Recently, I was asked to join in a company-wide project that brings additional value to our products and customers. Although I have to admit that I was a bit intimidated at first, I was intrigued to go behind the curtain and learn more about the important work Anaconda does to allow our customers to use open-source with confidence. Here is what I learned.
A cautionary tale
Mistakes and oversights are a fact of life, and writing code is no exception. Just like any other software, open-source software is not immune from vulnerabilities, whether benign or malicious. If an organization is not actively monitoring for and mitigating risk, it is very likely that potentially dangerous vulnerabilities will creep into their models and applications over time.
Unpatched software vulnerabilities have allowed bad actors to execute some of the highest-profile data breaches in the world. Hackers have gained access to extremely sensitive information and caused hundreds of millions of dollars in damages. Many of these breaches, and the associated human and financial impact that occurred as a result, could have been prevented. Vulnerability patches are often available, but they must be identified and implemented in order to be effective.
Clearly, there is value in knowing when and how the applications and code you use are vulnerable to attacks. Armed with this knowledge, you can proactively mitigate damage to users, brands, and the community at large. But where do you start?
Common Vulnerabilities and Exposures (CVEs)
CVEs, or Common Vulnerabilities and Exposures, are software vulnerabilities identified by the National Institute of Standards and Technology (NIST). Each CVE is scored in severity on a scale of 0 to 10 using a formula that takes into account factors such as impact and exploitability. Knowing the CVE scores and details of software enables you to assess its risk and determine if it can be safely used in your environment.
Software vulnerabilities should always be taken seriously, but in many cases, manually chasing down patches, references and release notes can be a time-consuming endeavor that can quickly lead you down the rabbit hole.
False positives further complicate the matter. CVE data is often messy, and vulnerabilities may be flagged that in reality have no impact on the code your team is using. These false alerts may seem benign; it’s best to be cautious, right? But consider the fact that many large organizations are inherently risk averse. They often block software that is exposed to CVEs from going into production, meaning false positives can quickly translate into significant monetary impact. (And we haven’t even discussed the topic of false negatives, which could fill an entire blog on its own!)

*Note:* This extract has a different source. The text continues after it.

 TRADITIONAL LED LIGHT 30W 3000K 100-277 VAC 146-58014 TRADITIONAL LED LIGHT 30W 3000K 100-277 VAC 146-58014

Suddenly, curating CVE data is not as straightforward as it once seemed. It’s one thing for a single individual to dig into this project and divert valuable attention from revenue-generating activities. It’s another thing entirely for multiple individuals serving on different teams throughout an organization to go through this exercise. Imagine the man-hours (and dollars) invested. As a wise woman once said, “Ain’t nobody got time for that.”
Enabling open-source with confidence
As leaders in the open-source data science community, Anaconda is in a unique position to determine and distribute CVE data related to our packages, and to help our customers manage risk.
In early August, we invited the entire Anaconda team to a full day of CVE curation (really, we called it a “CVE curation party”). Non-technical team members like me shadowed our engineering colleagues, allowing everyone in the company to see first-hand just what goes into chasing down vulnerability data and determining what’s valid and what’s not.
We dove deep into dozens of CVEs associated with our Conda packages to curate the most accurate and relevant data available. Sometimes, this took us to the far reaches of the Internet or to web references from decades ago. It was an eye-opening experience for those of us outside of engineering that aren’t intimately involved with Conda on a daily basis. There’s nothing like hands-on experience to make you appreciate the complexity of a task like CVE curation. I’ll personally never look at CVEs the same way again.
At the end of our day-long event, we had manually curated hundreds of CVEs! And more importantly, everyone in the company has a newfound appreciation for the level of effort that goes into maintaining Conda packages and CVE data.
We’ll continue to pull together the most reliable data available in order to achieve our goal of providing our customers with justifiable information about the security state of the software installed in their Conda environments. Armed with the information our team has curated, Anaconda customers can use open-source with confidence.